Everybody has got to die, but I have always believed an exception would be made in my case. Now what?

--William Saroyan

The one time in my life I was certain I was going to die I lived to tell the tale.  I was a sophomore in college and was riding as a passenger in a car on the way home for spring break.  The driver took a curve too fast in the rain and lost control.  I remember looking out the front windshield from the back seat as the world slid sideways around us.  The car jumped the median strip and hurtled on, still moving sideways, into oncoming traffic.  Somehow we got back over the median strip without being hit, crossed the highway, again without being hit, and shot up an embankment on the other side.  The car flipped over and came to rest in a smoking heap by the side of the road.  We were so disoriented at first that we didn’t realize the car was upside down.  The only injury occurred when the driver’s wife undid her seatbelt and hit her head on the roof of the car beneath us.  We were all stunned by the fact that we weren’t dead.

Afterward, we were pretty shaken up, but my experience of the accident itself was quite different.  There was a moment after the car spun out of control when I simply assumed that we were all going to die.  I was not frightened, nor was I feeling brave.  There was only an odd sense of detachment about the whole thing and mild surprise that there wasn’t more to dying than this.  As it turned out, we didn’t die.  But if we had, my life would have ended not with a bang or even a whimper but with an almost casual observation, Oh, so this is what it’s like to die.

Nearly 40 years have passed since my near-death experience, and I have reached a stage of life when death is no longer a remote possibility.  Last year we had to replace our furnace, and the repair man assured us the new one was guaranteed to last 30 years.  I did a quick calculation and realized the furnace was guaranteed to last longer than I probably would.

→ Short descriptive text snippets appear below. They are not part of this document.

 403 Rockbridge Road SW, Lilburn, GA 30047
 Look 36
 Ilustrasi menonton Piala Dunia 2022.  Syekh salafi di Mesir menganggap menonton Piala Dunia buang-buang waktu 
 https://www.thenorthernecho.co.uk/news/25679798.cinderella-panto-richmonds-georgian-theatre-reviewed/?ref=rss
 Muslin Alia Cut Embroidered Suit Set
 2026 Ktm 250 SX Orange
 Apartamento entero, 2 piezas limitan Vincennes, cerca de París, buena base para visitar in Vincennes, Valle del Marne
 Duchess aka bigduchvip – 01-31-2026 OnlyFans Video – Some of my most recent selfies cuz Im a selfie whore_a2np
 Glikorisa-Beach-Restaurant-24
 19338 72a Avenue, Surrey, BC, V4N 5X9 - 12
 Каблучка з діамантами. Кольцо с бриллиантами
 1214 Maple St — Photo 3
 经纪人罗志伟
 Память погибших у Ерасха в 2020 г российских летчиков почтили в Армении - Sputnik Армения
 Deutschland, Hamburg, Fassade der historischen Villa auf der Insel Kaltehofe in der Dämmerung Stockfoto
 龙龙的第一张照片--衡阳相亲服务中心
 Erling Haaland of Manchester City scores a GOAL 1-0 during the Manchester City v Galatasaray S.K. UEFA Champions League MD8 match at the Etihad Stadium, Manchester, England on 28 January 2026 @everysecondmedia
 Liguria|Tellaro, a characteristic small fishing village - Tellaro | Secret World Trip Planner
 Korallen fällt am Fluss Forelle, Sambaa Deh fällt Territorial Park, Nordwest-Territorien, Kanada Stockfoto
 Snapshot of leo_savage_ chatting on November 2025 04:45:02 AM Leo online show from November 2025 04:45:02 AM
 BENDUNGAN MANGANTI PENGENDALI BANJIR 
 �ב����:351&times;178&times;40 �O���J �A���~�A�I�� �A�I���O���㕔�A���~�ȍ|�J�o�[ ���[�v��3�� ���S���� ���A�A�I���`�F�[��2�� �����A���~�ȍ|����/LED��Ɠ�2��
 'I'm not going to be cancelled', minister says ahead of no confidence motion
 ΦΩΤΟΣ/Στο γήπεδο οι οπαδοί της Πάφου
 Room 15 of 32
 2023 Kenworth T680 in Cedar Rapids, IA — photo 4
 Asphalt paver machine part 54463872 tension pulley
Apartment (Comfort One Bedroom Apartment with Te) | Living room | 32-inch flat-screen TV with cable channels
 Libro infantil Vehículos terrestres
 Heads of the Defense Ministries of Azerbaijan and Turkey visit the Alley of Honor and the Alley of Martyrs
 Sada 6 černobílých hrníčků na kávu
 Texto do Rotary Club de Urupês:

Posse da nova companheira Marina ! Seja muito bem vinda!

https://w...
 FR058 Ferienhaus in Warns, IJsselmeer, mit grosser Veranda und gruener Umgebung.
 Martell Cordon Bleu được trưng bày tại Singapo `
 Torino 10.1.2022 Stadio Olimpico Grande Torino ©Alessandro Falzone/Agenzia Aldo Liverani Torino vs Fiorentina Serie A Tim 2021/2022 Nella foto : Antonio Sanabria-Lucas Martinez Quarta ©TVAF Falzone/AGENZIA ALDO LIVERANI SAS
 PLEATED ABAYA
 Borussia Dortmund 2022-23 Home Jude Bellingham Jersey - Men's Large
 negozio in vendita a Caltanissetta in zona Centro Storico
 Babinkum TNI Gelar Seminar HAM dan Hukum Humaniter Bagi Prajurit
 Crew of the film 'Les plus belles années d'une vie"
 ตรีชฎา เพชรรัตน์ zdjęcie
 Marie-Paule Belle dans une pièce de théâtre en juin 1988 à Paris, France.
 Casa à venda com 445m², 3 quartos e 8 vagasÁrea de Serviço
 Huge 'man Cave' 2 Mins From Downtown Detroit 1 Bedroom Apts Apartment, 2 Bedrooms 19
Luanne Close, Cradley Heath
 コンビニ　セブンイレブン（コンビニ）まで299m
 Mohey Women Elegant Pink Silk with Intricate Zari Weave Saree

Death is not something I think about very much – not because I wish to avoid thinking about it but because the topic doesn’t really interest me.  Nor do I spend time speculating about the next life, if there is one.  I discovered long ago that the “me” that fears death and longs for immortality isn’t real.  Death, if anything, brings relief from the phantom of self that haunts us throughout life.  Die before you die, advised the Sufi mystic al-Hallaj.  Once you have seen through the illusion of self, what remains?  Only life, and that is eternal.